… our endeavor to procure an asylum in the colony of Sierra Leone for such persons of the description composing that colony as we might find it expedient to send there [appears to be unsuccessful].
… affairs in St. Domingo has undergone important changes… may furnish that opening which the resolution desired.
The acquisition of Louisiana, may also procure the opportunity desired.
On the whole it appears probable that St. Domingo or Louisiana may open to the legislature of Virginia the recourse which their resolution contemplates.
To John Page, December 23, 1803
Patrick Lee’s Explanation
Determined leaders continue to seek solutions to vexing problems.

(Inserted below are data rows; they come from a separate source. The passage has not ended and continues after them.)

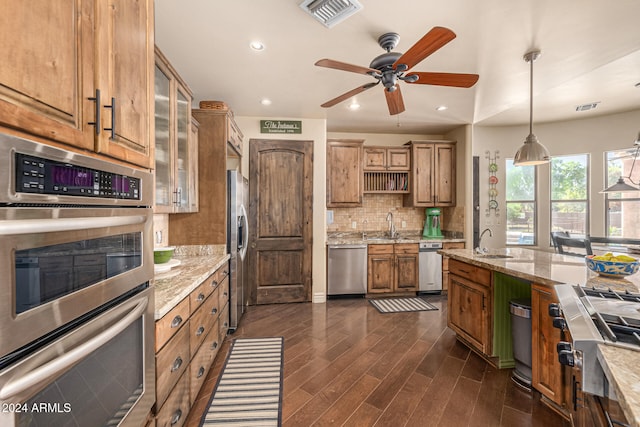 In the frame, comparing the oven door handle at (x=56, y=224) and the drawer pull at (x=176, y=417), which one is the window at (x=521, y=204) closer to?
the drawer pull at (x=176, y=417)

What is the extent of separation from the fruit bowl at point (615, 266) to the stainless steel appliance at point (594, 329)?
75 centimetres

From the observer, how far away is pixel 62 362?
0.73 meters

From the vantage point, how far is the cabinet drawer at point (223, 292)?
8.36ft

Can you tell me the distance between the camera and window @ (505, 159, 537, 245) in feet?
17.1

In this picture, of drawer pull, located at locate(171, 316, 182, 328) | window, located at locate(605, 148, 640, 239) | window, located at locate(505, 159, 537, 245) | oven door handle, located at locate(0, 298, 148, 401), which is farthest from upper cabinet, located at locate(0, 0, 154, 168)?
window, located at locate(605, 148, 640, 239)

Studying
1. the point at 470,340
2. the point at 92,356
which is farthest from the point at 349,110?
the point at 92,356

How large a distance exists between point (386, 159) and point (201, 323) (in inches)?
155

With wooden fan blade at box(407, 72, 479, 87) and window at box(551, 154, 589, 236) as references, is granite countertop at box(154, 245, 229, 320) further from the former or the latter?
window at box(551, 154, 589, 236)

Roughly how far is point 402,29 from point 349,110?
5.96ft

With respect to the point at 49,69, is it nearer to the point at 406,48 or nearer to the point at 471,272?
the point at 406,48

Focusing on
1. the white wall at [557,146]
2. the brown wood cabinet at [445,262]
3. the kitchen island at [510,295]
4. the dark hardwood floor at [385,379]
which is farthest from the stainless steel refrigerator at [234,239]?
the white wall at [557,146]

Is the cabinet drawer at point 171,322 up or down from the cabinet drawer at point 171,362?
up

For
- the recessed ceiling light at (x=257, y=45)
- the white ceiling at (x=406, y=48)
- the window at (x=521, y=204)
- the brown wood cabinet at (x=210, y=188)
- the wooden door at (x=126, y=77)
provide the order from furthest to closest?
the window at (x=521, y=204)
the brown wood cabinet at (x=210, y=188)
the recessed ceiling light at (x=257, y=45)
the white ceiling at (x=406, y=48)
the wooden door at (x=126, y=77)

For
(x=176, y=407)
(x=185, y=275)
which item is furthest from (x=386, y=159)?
(x=176, y=407) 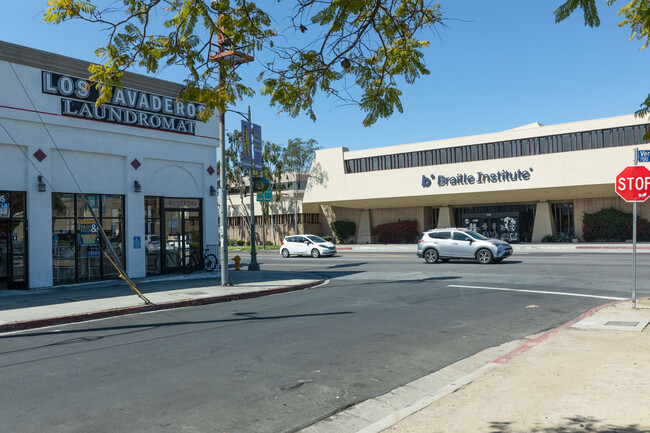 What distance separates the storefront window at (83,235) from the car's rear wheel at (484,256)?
49.6 feet

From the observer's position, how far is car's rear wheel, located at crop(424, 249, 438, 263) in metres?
25.2

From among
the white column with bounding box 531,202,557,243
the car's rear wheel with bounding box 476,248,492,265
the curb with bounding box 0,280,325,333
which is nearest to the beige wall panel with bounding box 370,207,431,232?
the white column with bounding box 531,202,557,243

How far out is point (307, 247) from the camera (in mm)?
35062

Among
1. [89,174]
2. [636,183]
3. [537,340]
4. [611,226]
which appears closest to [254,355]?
[537,340]

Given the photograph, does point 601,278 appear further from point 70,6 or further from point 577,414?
point 70,6

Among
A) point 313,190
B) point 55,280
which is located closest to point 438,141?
point 313,190

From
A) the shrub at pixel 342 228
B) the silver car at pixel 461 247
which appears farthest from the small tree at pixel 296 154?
the silver car at pixel 461 247

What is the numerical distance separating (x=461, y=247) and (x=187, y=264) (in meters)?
12.3

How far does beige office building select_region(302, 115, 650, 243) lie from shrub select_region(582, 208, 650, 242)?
2.63ft

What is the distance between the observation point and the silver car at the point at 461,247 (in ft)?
78.1

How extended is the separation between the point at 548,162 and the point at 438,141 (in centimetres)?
970

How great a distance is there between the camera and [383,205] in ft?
169

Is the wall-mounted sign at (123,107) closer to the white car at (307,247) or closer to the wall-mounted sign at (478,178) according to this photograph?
the white car at (307,247)

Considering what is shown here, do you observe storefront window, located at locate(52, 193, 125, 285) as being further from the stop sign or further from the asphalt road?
the stop sign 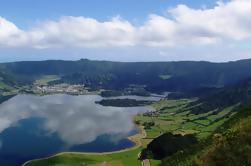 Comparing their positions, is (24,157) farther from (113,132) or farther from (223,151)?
(223,151)

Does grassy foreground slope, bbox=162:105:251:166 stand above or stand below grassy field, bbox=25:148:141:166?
above

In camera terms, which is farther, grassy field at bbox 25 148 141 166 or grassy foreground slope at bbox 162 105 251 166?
grassy field at bbox 25 148 141 166

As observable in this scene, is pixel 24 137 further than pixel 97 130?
No

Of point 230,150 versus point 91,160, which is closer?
point 230,150

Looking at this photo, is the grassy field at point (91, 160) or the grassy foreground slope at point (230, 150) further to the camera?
the grassy field at point (91, 160)

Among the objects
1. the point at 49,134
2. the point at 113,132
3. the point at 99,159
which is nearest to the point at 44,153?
the point at 99,159

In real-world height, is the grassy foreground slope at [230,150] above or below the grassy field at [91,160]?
above

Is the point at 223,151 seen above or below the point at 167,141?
above

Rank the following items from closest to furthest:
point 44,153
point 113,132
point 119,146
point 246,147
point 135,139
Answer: point 246,147
point 44,153
point 119,146
point 135,139
point 113,132

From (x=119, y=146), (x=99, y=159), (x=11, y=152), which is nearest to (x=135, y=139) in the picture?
(x=119, y=146)

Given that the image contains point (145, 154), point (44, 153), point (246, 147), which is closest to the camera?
point (246, 147)

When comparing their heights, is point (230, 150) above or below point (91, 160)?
above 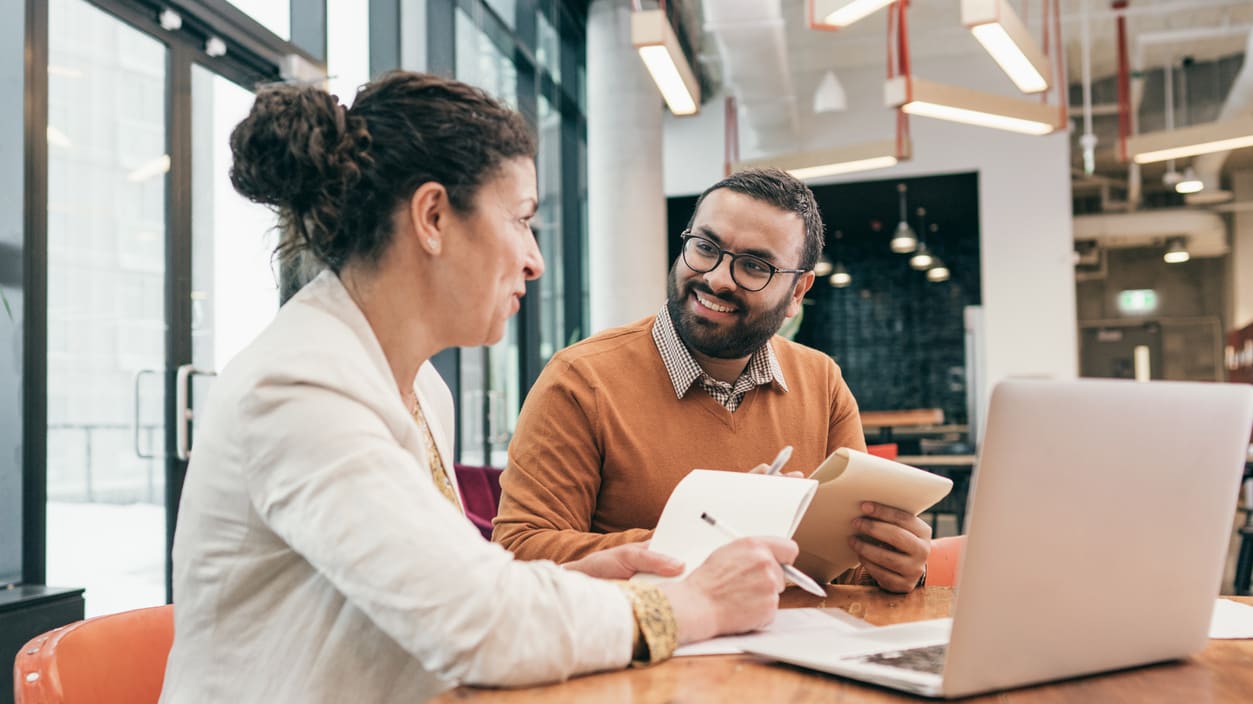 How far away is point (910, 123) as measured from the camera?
31.8 feet

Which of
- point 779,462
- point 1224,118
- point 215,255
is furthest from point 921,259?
point 779,462

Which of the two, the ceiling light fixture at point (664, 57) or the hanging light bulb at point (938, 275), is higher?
the ceiling light fixture at point (664, 57)

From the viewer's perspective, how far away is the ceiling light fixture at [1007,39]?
4148 mm

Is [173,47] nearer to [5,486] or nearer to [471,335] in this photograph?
[5,486]

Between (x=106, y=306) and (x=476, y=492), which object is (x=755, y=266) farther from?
(x=106, y=306)

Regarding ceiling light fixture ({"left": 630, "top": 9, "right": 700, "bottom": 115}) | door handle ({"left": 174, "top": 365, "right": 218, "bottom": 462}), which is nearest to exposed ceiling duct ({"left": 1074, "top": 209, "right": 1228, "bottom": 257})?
ceiling light fixture ({"left": 630, "top": 9, "right": 700, "bottom": 115})

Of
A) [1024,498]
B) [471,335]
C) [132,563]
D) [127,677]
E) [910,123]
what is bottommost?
[132,563]

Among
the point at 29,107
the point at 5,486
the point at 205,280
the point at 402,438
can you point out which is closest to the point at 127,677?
the point at 402,438

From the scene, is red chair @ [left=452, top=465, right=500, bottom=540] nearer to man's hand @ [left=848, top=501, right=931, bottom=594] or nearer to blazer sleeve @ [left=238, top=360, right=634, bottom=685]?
man's hand @ [left=848, top=501, right=931, bottom=594]

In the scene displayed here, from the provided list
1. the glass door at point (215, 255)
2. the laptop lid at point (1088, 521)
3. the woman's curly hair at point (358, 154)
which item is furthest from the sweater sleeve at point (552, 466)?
the glass door at point (215, 255)

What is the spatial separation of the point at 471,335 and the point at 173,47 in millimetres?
3002

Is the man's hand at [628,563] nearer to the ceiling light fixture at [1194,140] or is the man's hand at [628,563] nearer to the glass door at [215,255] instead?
the glass door at [215,255]

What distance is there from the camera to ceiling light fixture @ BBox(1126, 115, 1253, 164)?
590 centimetres

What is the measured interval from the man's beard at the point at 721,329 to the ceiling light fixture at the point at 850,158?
4910 mm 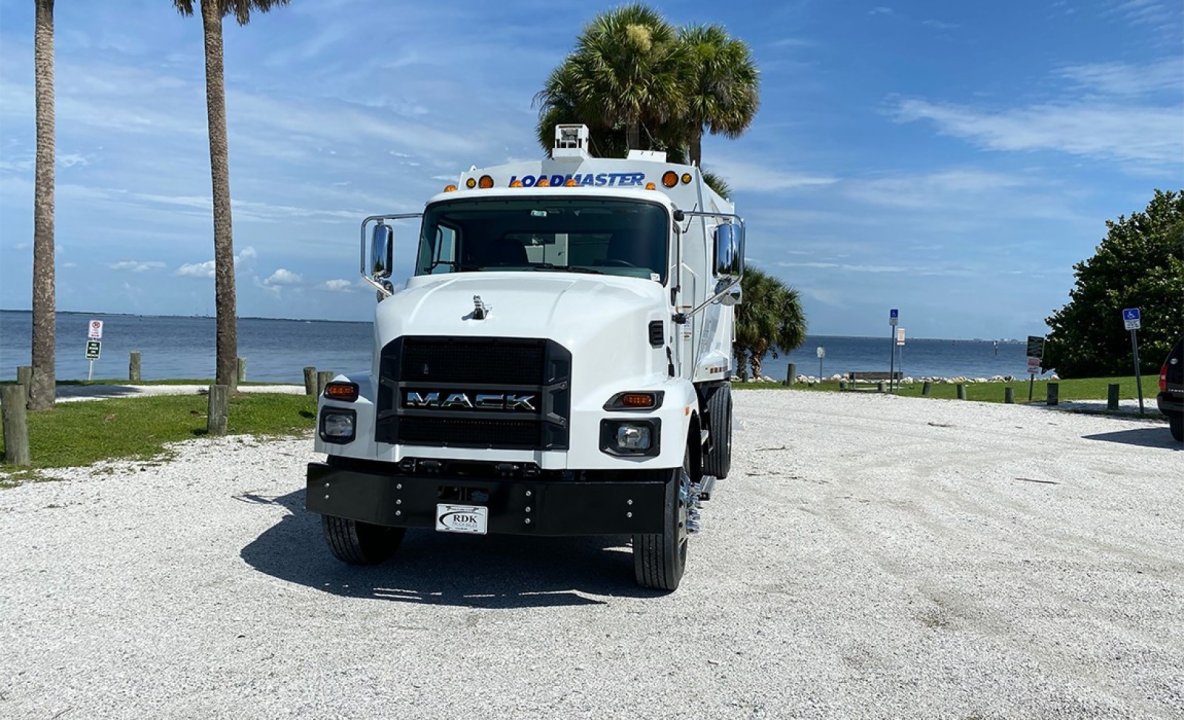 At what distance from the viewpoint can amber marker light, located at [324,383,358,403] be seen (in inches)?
220

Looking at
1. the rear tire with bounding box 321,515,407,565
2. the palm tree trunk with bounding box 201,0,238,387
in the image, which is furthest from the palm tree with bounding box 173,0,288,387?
the rear tire with bounding box 321,515,407,565

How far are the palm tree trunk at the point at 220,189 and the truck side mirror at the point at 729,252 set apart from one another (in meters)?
12.6

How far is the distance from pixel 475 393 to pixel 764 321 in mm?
30314

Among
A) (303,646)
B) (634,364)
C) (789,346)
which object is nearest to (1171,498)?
(634,364)

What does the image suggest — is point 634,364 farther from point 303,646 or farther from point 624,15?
point 624,15

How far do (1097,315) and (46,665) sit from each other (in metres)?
42.6

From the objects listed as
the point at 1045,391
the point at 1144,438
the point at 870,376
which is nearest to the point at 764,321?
the point at 870,376

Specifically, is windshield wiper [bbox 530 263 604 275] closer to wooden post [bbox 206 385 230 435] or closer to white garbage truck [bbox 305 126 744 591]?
white garbage truck [bbox 305 126 744 591]

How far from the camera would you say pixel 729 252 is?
6.72 m

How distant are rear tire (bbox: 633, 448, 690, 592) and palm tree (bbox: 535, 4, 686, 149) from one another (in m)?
18.3

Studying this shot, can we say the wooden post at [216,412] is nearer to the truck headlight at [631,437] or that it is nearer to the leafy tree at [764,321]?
the truck headlight at [631,437]

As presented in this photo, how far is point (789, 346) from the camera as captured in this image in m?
36.3

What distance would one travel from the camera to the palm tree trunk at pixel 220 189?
1678cm

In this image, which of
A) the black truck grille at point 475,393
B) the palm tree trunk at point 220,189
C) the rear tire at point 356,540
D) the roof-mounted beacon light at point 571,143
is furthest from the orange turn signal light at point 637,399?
the palm tree trunk at point 220,189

Virginia Governor John Page (1743-1808) had sought the President’s help in carrying out a directive of the Virginia legislature. Slave uprisings in St. Domingo (present day Haiti and Dominican Republic) had spurred unrest among slaves in America. An insurrection in Virginia in 1800 was foiled, and 26 of its participants were hanged. The legislature sought an alternative, some distant place where rebellious slaves could be relocated. Jefferson also sought a refuge for freed American slaves. His hope to join an English slave resettlement effort in Sierra Leone, West Africa, was rebuffed. Now, the vast expanse of Louisiana might provide that refuge or perhaps even St. Domingo itself.
In correspondence preceding this letter, Jefferson stressed that the Virginia insurrectionists were “not felons, or common malefactors [criminals]” and a far more humane response was needed. He was never successful in his efforts to remove freed slaves from the abuses of their former masters.